Copy the listing exactly; drop the pictures.

### ENTRIES SHOWN
↓

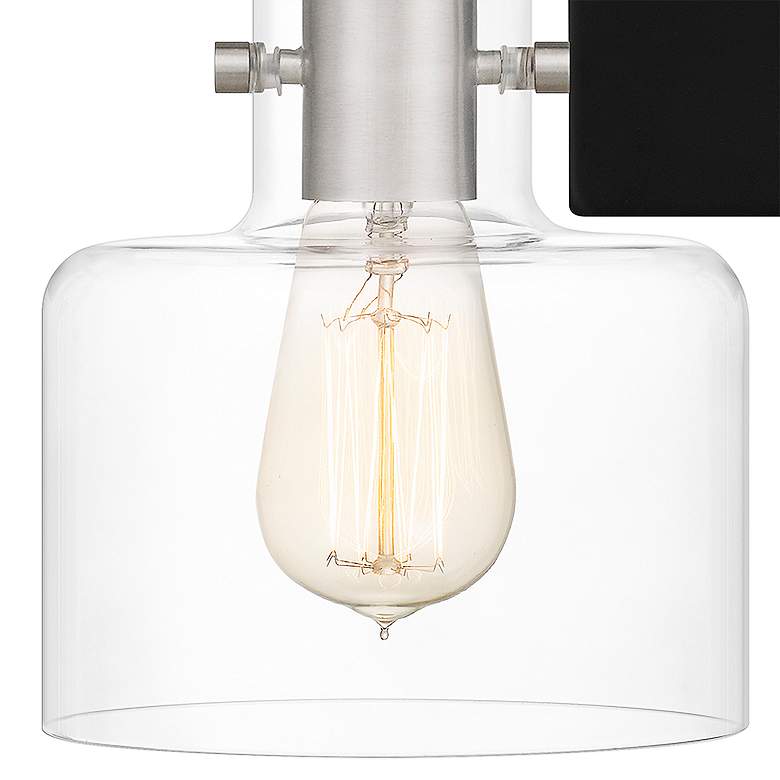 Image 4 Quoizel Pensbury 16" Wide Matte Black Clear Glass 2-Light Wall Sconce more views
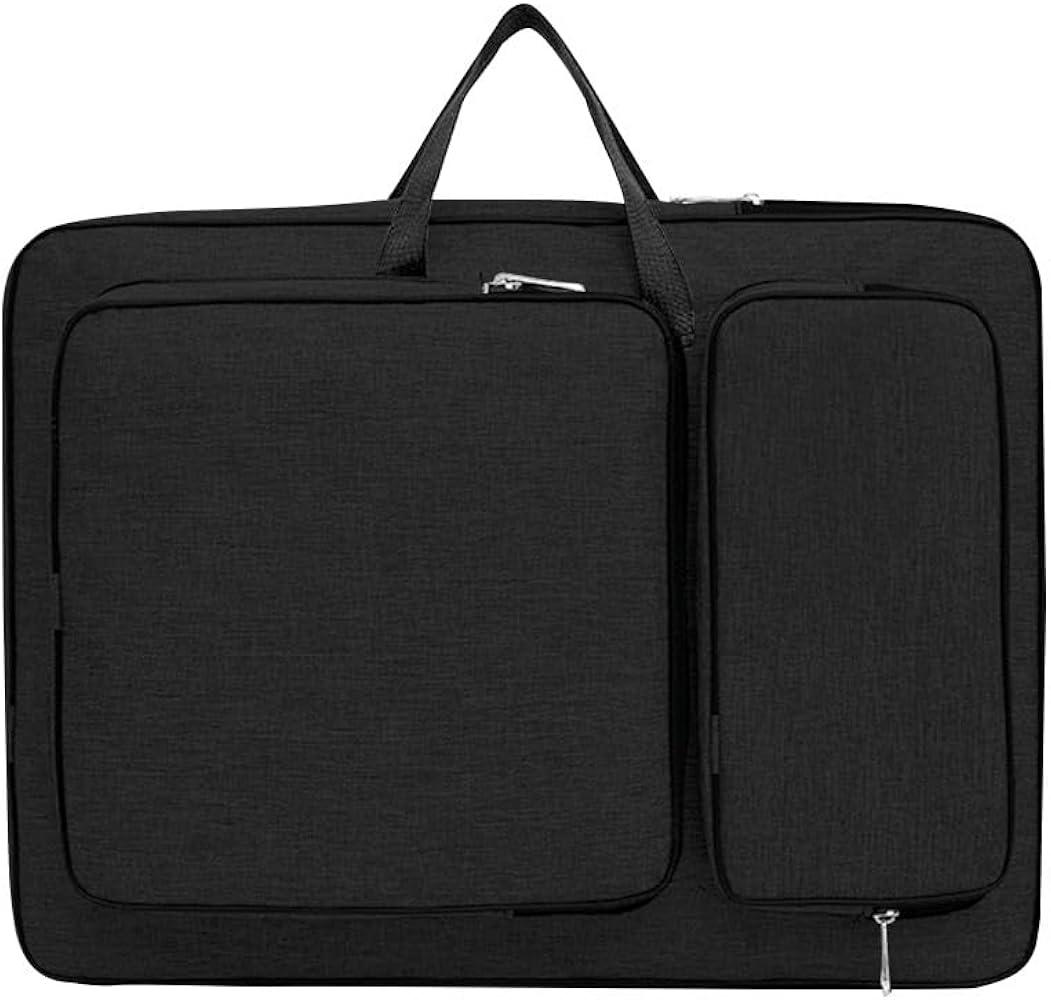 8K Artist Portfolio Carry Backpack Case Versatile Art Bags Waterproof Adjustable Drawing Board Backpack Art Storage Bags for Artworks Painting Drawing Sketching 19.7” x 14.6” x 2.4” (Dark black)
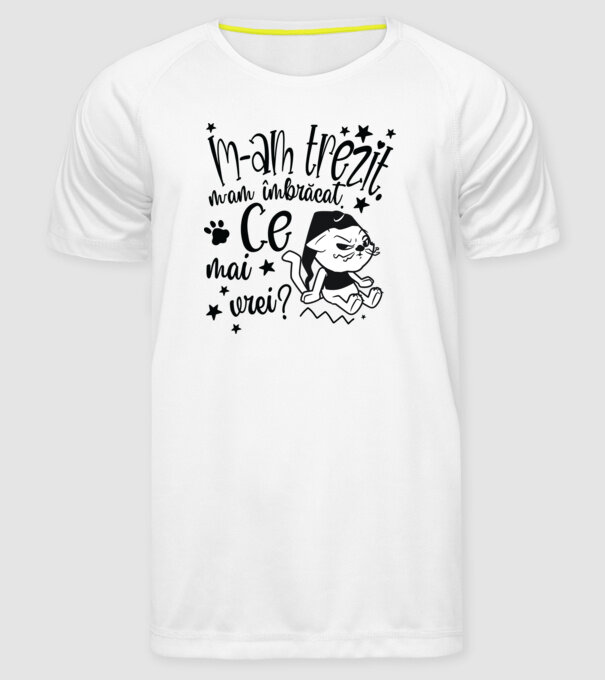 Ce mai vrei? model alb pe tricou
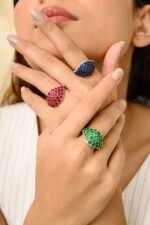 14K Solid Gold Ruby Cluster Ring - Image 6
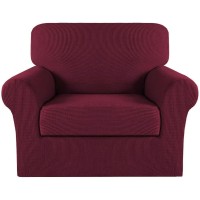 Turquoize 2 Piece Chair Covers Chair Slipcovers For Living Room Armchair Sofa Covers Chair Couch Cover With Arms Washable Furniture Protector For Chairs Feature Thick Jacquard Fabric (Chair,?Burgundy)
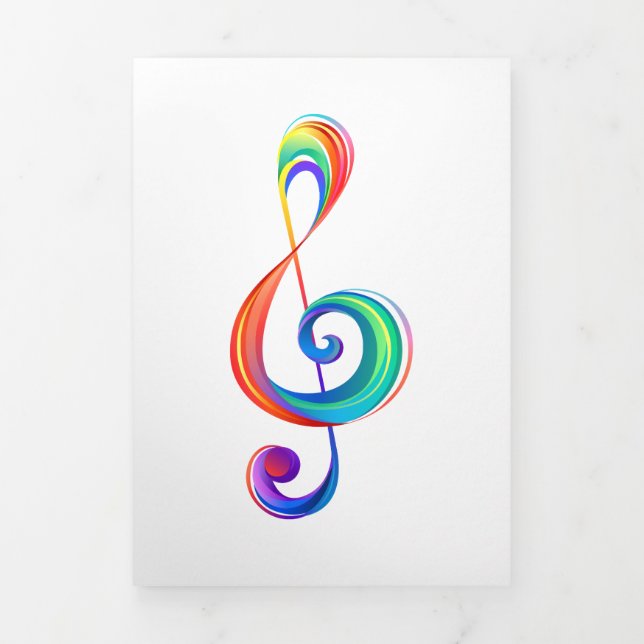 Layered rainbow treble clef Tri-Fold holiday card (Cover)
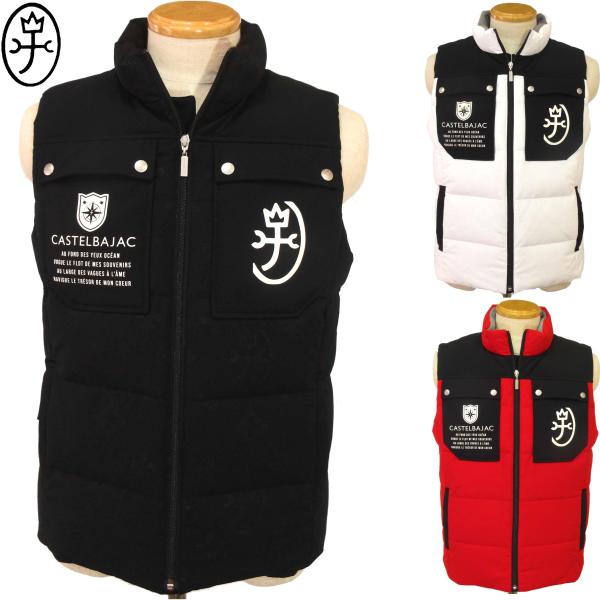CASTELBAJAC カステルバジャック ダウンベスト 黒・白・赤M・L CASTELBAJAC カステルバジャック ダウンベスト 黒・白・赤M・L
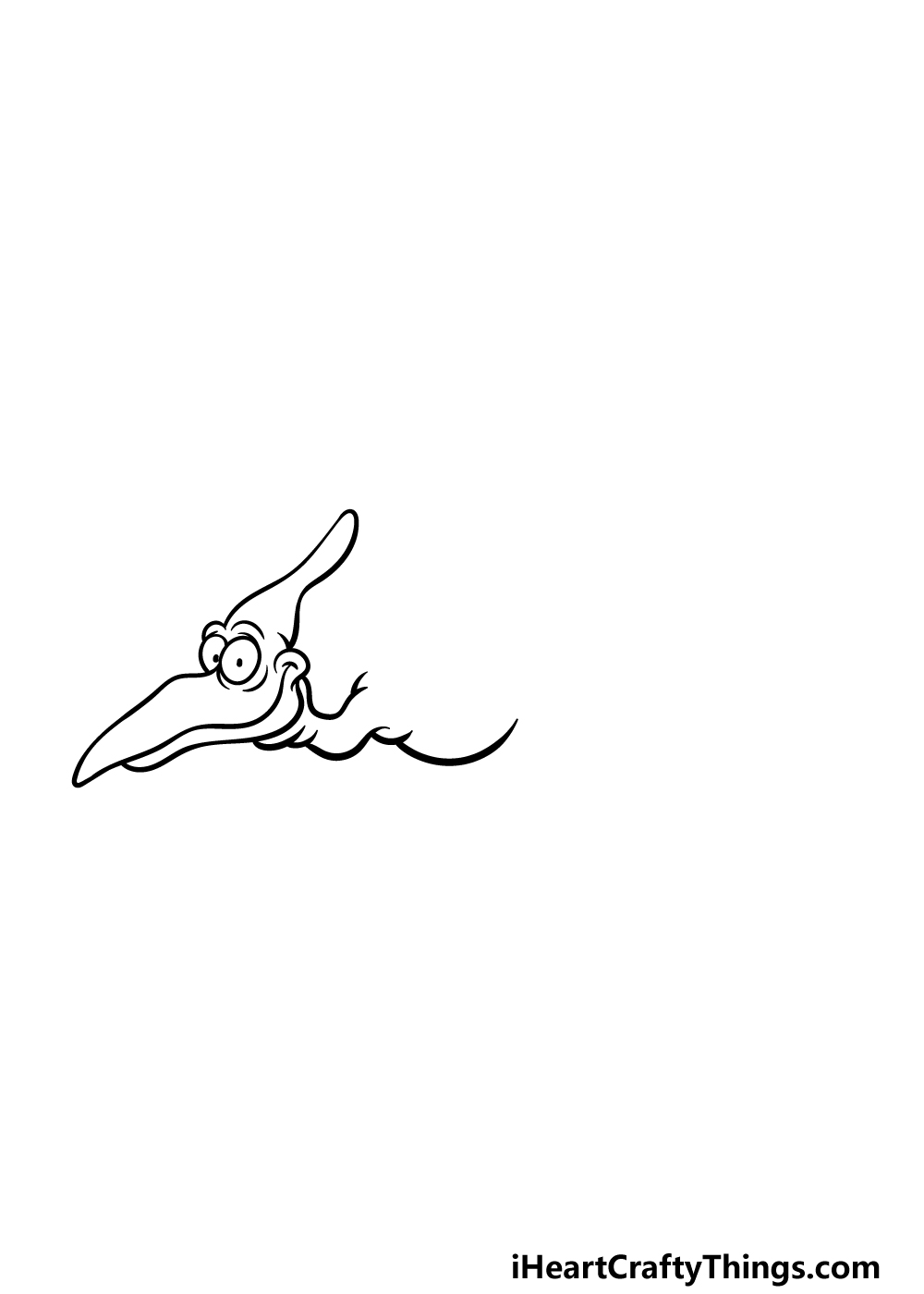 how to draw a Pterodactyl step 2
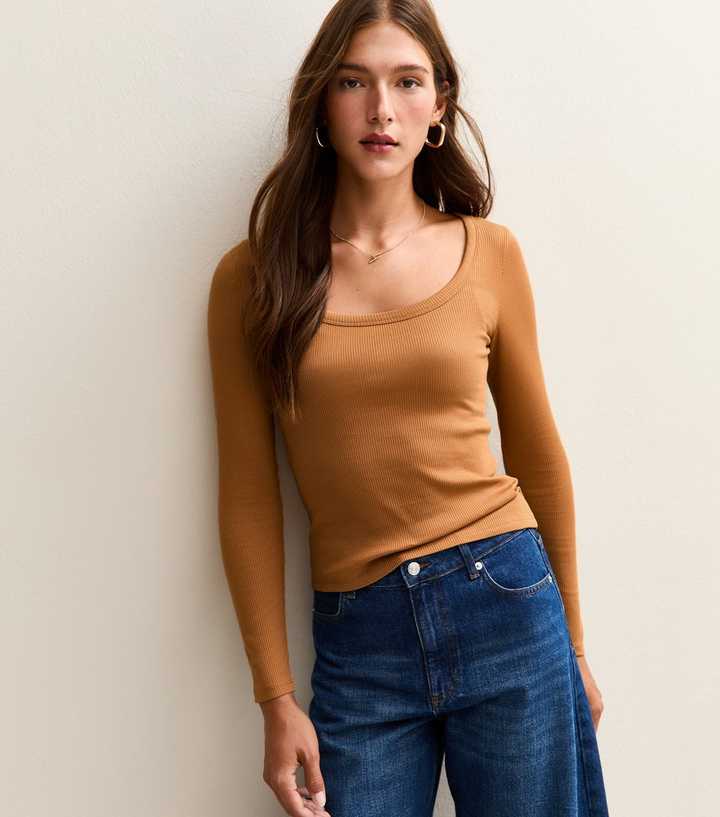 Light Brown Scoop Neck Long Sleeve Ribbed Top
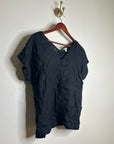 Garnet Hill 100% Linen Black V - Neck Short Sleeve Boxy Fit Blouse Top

↑

### EXERCISE OUTPUT
 Image 4 Quoizel Pensbury 16" Wide Matte Black Clear Glass 2-Light Wall Sconce more views
 8K Artist Portfolio Carry Backpack Case Versatile Art Bags Waterproof Adjustable Drawing Board Backpack Art Storage Bags for Artworks Painting Drawing Sketching 19.7” x 14.6” x 2.4” (Dark black)
 Ce mai vrei? model alb pe tricou
 14K Solid Gold Ruby Cluster Ring - Image 6
 Turquoize 2 Piece Chair Covers Chair Slipcovers For Living Room Armchair Sofa Covers Chair Couch Cover With Arms Washable Furniture Protector For Chairs Feature Thick Jacquard Fabric (Chair,?Burgundy)
 Layered rainbow treble clef Tri-Fold holiday card (Cover)
CASTELBAJAC カステルバジャック ダウンベスト 黒・白・赤M・L CASTELBAJAC カステルバジャック ダウンベスト 黒・白・赤M・L
 how to draw a Pterodactyl step 2
 Light Brown Scoop Neck Long Sleeve Ribbed Top
 Garnet Hill 100% Linen Black V - Neck Short Sleeve Boxy Fit Blouse Top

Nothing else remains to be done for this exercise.